Exercise> Among the entries below, how many lines contain the string "with"? Only the number is wanted.

(Items listed in a dataset)
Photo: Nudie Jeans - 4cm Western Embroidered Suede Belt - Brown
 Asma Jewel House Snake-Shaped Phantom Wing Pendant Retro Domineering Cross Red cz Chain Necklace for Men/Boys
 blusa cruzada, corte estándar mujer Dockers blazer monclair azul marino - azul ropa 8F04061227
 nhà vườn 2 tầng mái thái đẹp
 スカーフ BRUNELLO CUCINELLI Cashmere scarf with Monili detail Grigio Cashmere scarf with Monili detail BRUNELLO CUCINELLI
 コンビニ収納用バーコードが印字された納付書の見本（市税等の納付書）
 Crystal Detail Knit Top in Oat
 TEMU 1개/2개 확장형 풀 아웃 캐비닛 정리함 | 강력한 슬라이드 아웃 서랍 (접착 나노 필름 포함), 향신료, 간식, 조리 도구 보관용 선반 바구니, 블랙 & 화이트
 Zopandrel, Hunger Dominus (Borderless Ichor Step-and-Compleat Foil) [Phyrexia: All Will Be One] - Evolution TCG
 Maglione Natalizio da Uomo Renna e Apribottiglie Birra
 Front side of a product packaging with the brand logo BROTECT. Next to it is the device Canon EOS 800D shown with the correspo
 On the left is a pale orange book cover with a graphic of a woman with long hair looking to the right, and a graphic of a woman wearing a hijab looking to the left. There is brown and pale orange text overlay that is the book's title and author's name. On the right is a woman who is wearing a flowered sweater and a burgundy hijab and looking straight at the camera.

Reply to the task> 3